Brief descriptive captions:

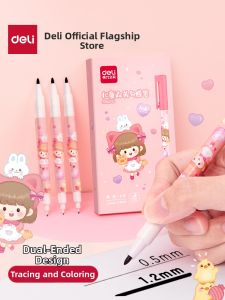 deli | Children Fine Liner Doodle Drawing Marker Pen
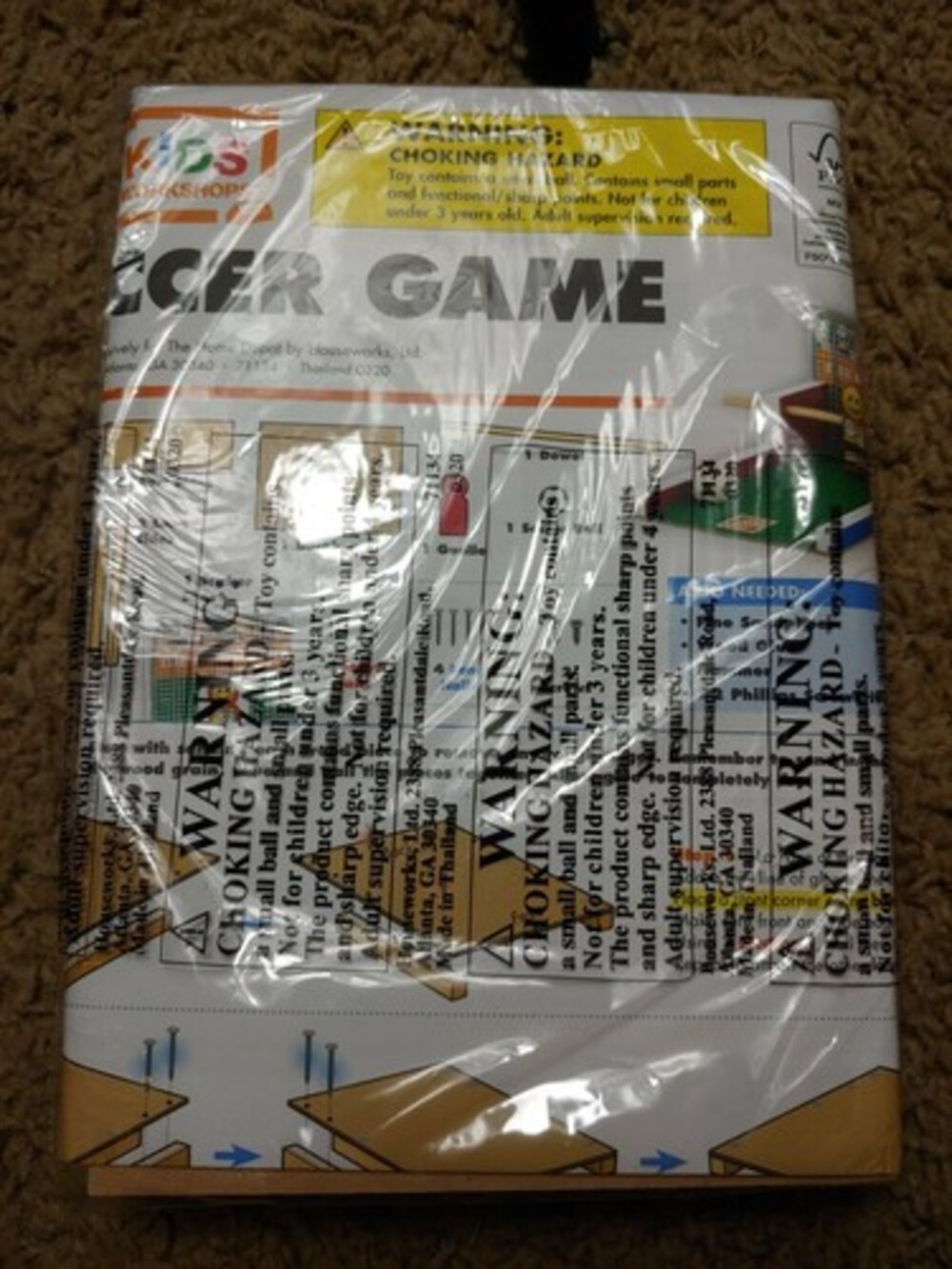 Home Depot Kids Workshop Soccer Game. Sealed NO BALL OR PIN July 2020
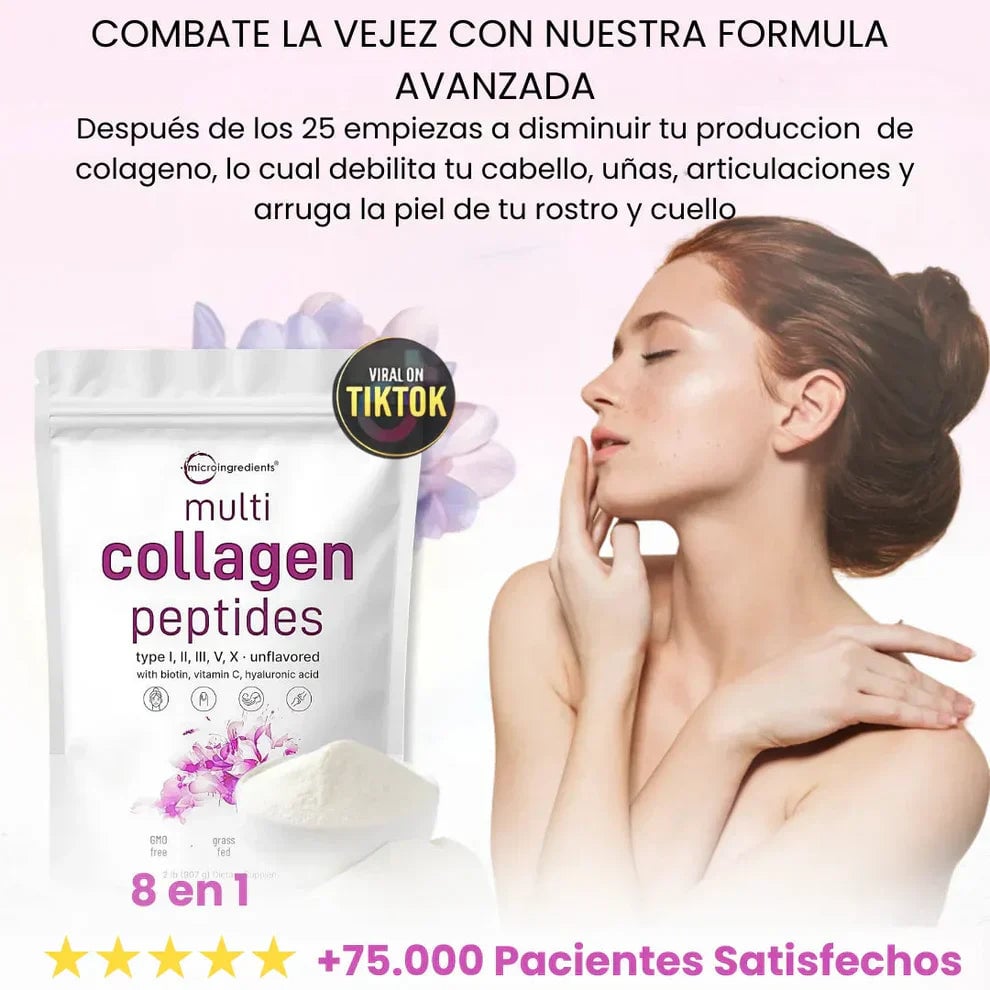 🌟Peptido Multicolageno® – Belleza y Juventud Desde el Interior 🌟 (1 Bolsa Grande) con ENVÍO GRATIS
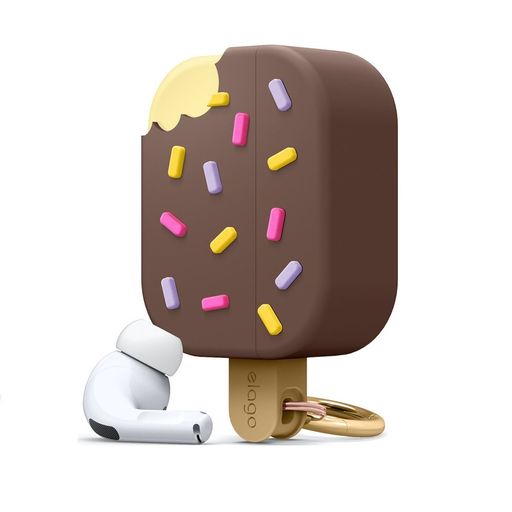 Чохол Elago Ice Cream Case Dark Brown for Airpods Pro 2nd Gen (EAPP2-ICE-DBR)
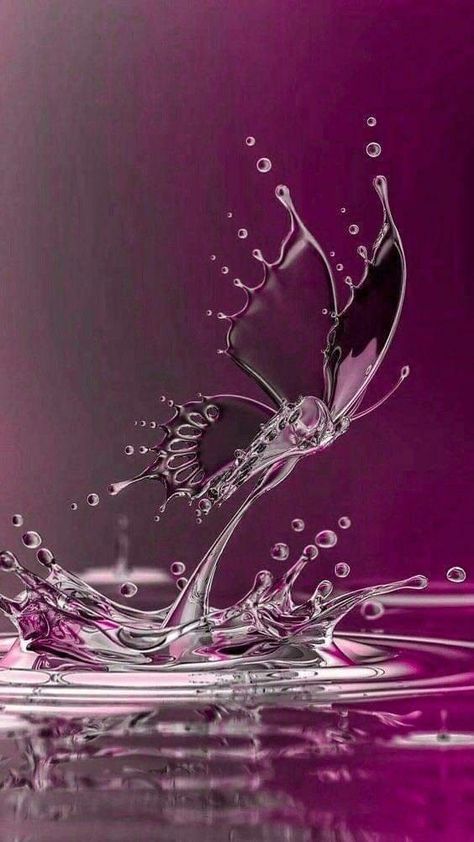 Water Droplets Wallpaper, Droplets Wallpaper, Water Droplets Art, Purple Butterfly Wallpaper, Beautiful Flower Drawings, Love Pink Wallpaper, Pop Art Drawing, Love Wallpapers Romantic, Elegant Wallpaper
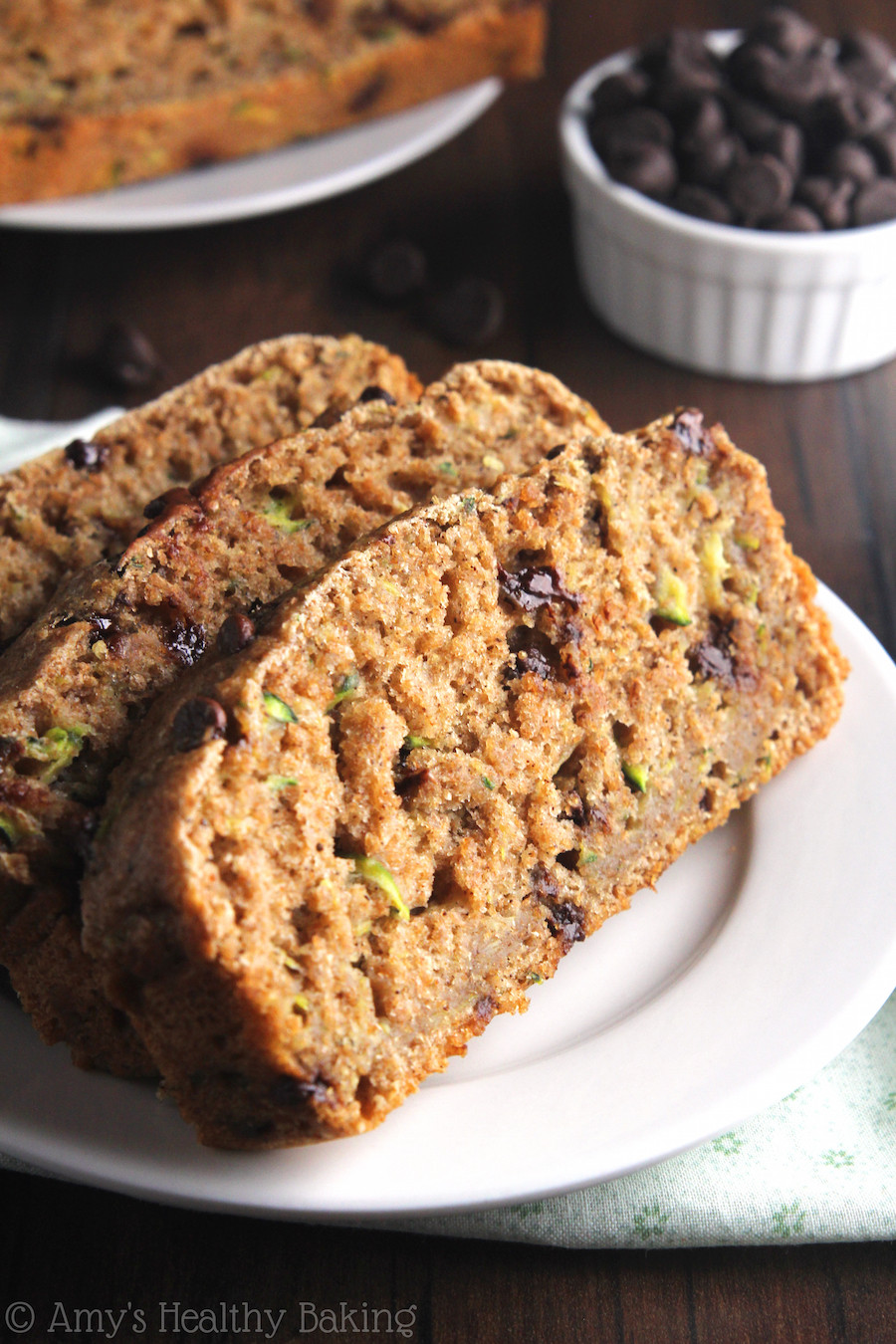 Healthy Whole Wheat Zucchini Bread
 whole wheat chocolate chip zucchini bread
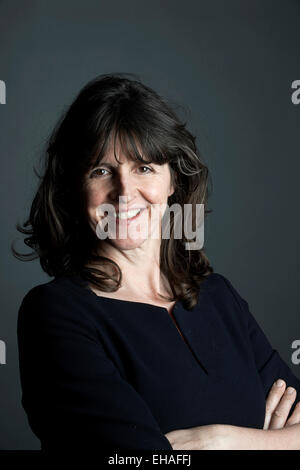 Emma BridgeWater auf literarische Oldie Mittagessen 03.10.15 Stockfoto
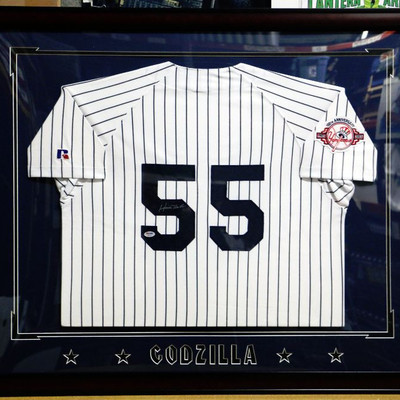 Autographed HIDEKI MATSUI New York Yankees #55 Godzilla JERSEY w/ COA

Requirement ::
An exact copy of every entry, pictures left out, is what to write here.

Answer for this exercise ::
 deli | Children Fine Liner Doodle Drawing Marker Pen
 Home Depot Kids Workshop Soccer Game. Sealed NO BALL OR PIN July 2020
 🌟Peptido Multicolageno® – Belleza y Juventud Desde el Interior 🌟 (1 Bolsa Grande) con ENVÍO GRATIS
 Чохол Elago Ice Cream Case Dark Brown for Airpods Pro 2nd Gen (EAPP2-ICE-DBR)
 Water Droplets Wallpaper, Droplets Wallpaper, Water Droplets Art, Purple Butterfly Wallpaper, Beautiful Flower Drawings, Love Pink Wallpaper, Pop Art Drawing, Love Wallpapers Romantic, Elegant Wallpaper
 Healthy Whole Wheat Zucchini Bread
 whole wheat chocolate chip zucchini bread
 Emma BridgeWater auf literarische Oldie Mittagessen 03.10.15 Stockfoto
 Autographed HIDEKI MATSUI New York Yankees #55 Godzilla JERSEY w/ COA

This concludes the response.